The latest step towards a new stadium was taken Tuesday afternoon when a special task force of the Sports Authority voted to recommend that the Sports Authority agree to manage the stadium once it's completed.
With a unanimous vote, a special task force of the Harris County-Houston Sports Authority voted the Dynamo soccer stadium one step closer to becoming a reality. It was the latest move in a day full of developments towards turning a six block area east of downtown into a home stadium to the Dynamo, and Texas Southern University's football team, among others.
"I think it is an exceptional project. I think the Dynamo have done a lot for the community. I hope the new venue will add to their success," said Larry Catuzzi of the Sports Authority.
The stadium project has picked up speed in recent weeks and the president and general manager of the Dynamo credits a new mayor.
"She's made this an issue that matters to her and sat down with the county and reached an agreement, at least in principal, so that certainly was a positive impetus for us," said Oliver Luck.
On Tuesday morning though, the city and county were talking timeline and making the stadium home to more than just the Dynamo's home field.
A six-block piece of city property east of downtown, now home to trash and weeds, could be full of cheering Houston Dynamo fans and a brand new stadium in two years. That's if the City of Houston, Harris County, the Sports Authority and the Dynamo finalize a timeline made public earlier Tuesday.
"The City of Houston and the commissioner's court of Harris County will deal with this issue legislatively in the next couple weeks and that's key issue to put the financing plan together," said Luck.
Operations would be overseen by the Houston Sports Authority, but as expected, the Dynamo would pay the lion's share of the construction cost with private funds. The Dynamo would put up $60 million of the $80 million price tag to build it, with the city and county putting up the remaining $20 million - each giving $10 million.
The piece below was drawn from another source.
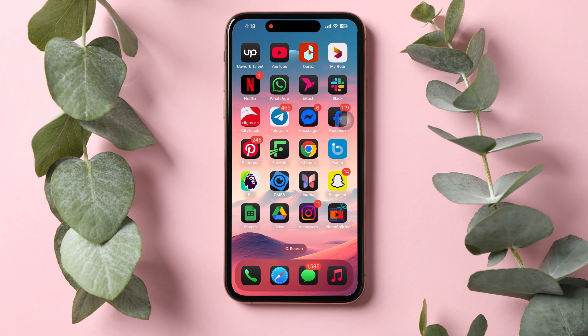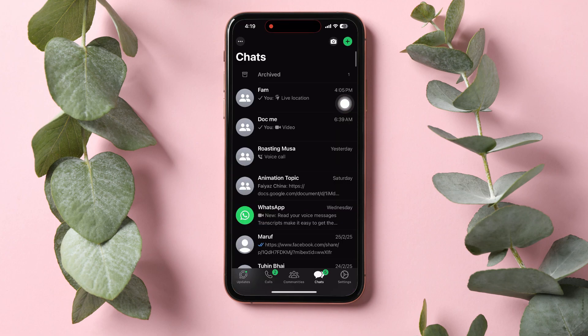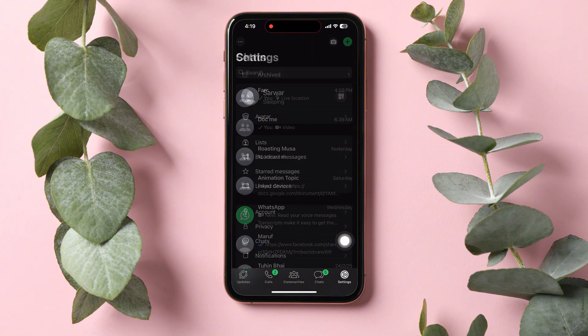How to view block numbers on WhatsApp. To get started, open up the WhatsApp application on your phone. You will then be brought to the Chats page, where you can view all your chats with friends on WhatsApp. On this page, go to the bottom right corner and tap on Settings.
Ground could be broken on the new municipal stadium this coming October 1. It would be scheduled for completion in April 2012, which is when the Sports Authority would theoretically begin leasing it.
County and city leaders say the proposed deal will not increase public debt.
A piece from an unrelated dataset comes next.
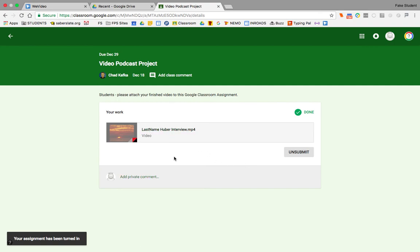So that is how you can finish the video, kick it out to Google Drive, and then do something with it for turning it in to your teacher. Thanks so much for watching.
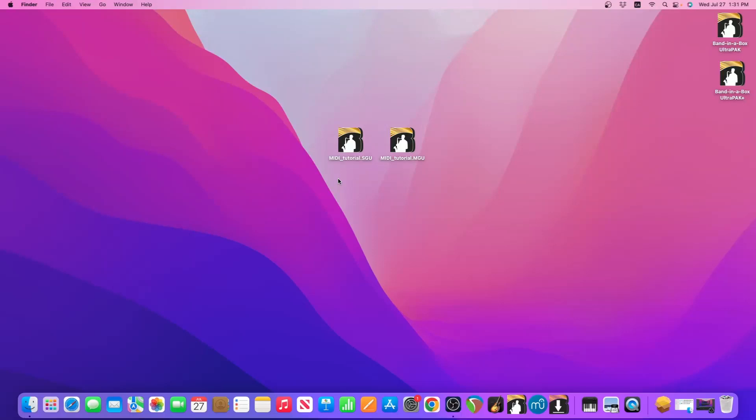Hello everyone! In this video I'm going to show the steps for making sure that when you double click either an SGU or an MGU project file, it opens with Band-in-a-Box and not some other program that's installed to your computer.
"We just think times are tough and taking on more public debt is not a good idea right now," said Andy Icken with the City of Houston.
They stadium would be a municipal stadium, with shared use by the city and county, which would also split the cost of the land. The city has already purchased it for $15 million, so the county would pay $7.5 million.
Once the stadium is built, it would then be turned over to the Sport Authority to manage, according to the plan.
A Sports Authority special task force voted to recommend to the full body this Thursday that the Sports Authority go ahead and manage the stadium property, at no cost to the Sports Authority, making it the final piece of the puzzle to fall into place.
"We're hopeful that they all happen, but it's going to take a lot of attention from the city, the county and the Sports Authority to make it happen," said Icken. "This is $60 million of private investment in the city of Houston and will create jobs and other associated benefits."
The stadium would sit on Councilmember James Rodriguez's district and he says he's thrilled with the plan.
"We need to start talking publicly about the plans to start informing our stake holders and people in the community," he said. "This deal has been at a standstill for a long time, so people are concerned about its viability. We're excited to actually have a committee hearing on it to provide this road map and to be able to have a plan to move forward."
Another requirement of this plan is that there is enough affordable tickets so families can attend.
Texas Southern University's football team, which currently doesn't have a home stadium, would also play at the stadium. So TSU would become one of the many teams benefiting from getting a new home field.